16 Vt. 626 | Vt. | 1844

The opinion of the court was delivered by

Bennett, J.

Several questions were reserved on the trial in the county court, which are not now relied upon, and such will be passed over without notice.

It is now insisted that the county court erred in permitting the records of the probate court to go to the jury. The statute, (Slade’s Ed., p. 351, § 86,) provides, that all wills devising real estate, assignments of dower, &c., or certified copies of them, shall be recorded in the town clerk’s office in the town where said lands are situated; and, by another provision, if the lands are situated in an unorganized town, the record must be in the county clerk’s office in the county in which the land is situate. In the present case it appears that the will and the probate of it were recorded in the county clerk’s office at the time of the trial, though not when the suit was commenced; and the question arises, shall the plaintiff, for this cause, be precluded from a recovery in this action ?

In the case of a deed it is well settled, that, if it is recorded in the proper office at the time it is given in evidence, it is sufficient Harrington et al. v. Gage, 6 Vt. 532. The record is not necessary to the passing of the title to the grantee, but only affects the deed as matter of evidence. The statute, which requires a will of real estate to be recorded in the office where deeds of land are to be recorded, does not make their recording a condition precedent to the passing of the estate. The fee passes to the devisee under the will; and though, in the case of Harrington et al. v. Gage, it was held that the statute, requiring a record of so much of the proceedings of the court .of probate, as affect the title, to be made in the *629town clerk’s office, was imperative, yet, in that case, no such record had been made at the time of the trial. In the present case, and for the purpose of sustaining this action, the record, when made, may be considered as having relation back to the time when the right accrued under the will.

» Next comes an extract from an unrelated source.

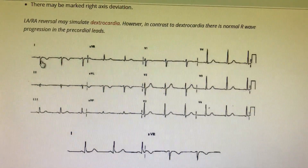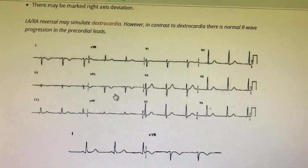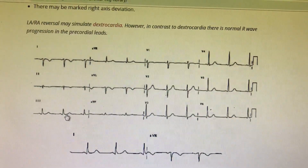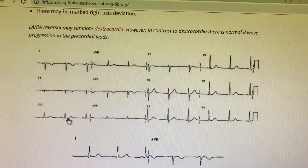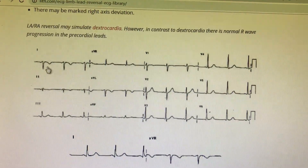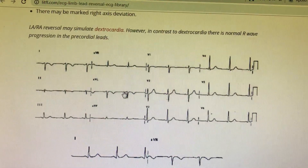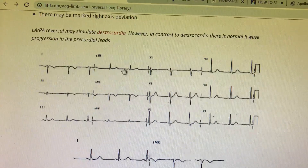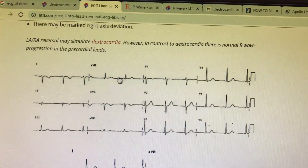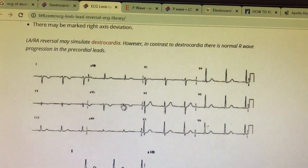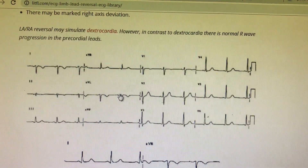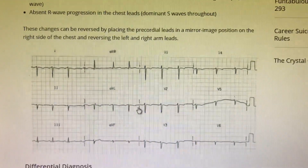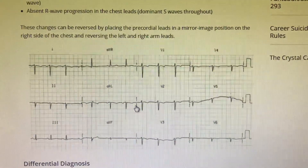Then go to lead I — everything is negative — and also AVL, everything is negative. Lead III is almost more positive than any other lead. So this is most probably right axis deviation with inversion in lead I and AVL, and everything being positive in AVR. This gives us the suspicion that the patient has a limb lead reversal.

It is now said that the records furnish no evidence of title in the plaintiff, or in those under whom he claims. It is true the statute provides that no action shall be sustained by any heir, or heirs, devisee, or devisees, until such estate be set off to them by an order of the probate court. Slade’s Ed., p. 346, § 63. It is to be remembered that the whole of lot No. 6, in Harris’ Gore, is, by the will of Roswell Waters, given to Clark Waters, under whom the plaintiff claims title. In Hubbard v. Ricart, 3 Vt. 207, it was held that the above statute applied only to cases where a division might be necessary; and, in this case, there is no pretence that the executor has a lien upon this land. The will of Roswell Waters was probated in 1834, and letters were then granted to the executor; and, in 1841, Clark Waters, the special devisee of this lot in the Gore, deeded it to the plaintiff, whose deed was put upon record in June, 1842. In such case it is to be presumed that the lien, which the executor might have had, has been satisfied; and as no division of this lot can, in any event, be necessary, this devisee might well, upon the authority of the case in 3 Vt. Reports, maintain an action without it.

We think there can be no ground of objection to the charge. It puts it to the jury to find that Josiah Pratt not only admitted that Finch owned the land, and that he entered upon it by his permission, but that he entered in fact under him; and that it was the mutual understanding, kept up between the parties, that Finch owned the land, and that Pratt held under him. In such case Pratt is estopped from denying the title of Finch, not only as against him, but also as against those claiming under him.

The judgment of the county court is affirmed.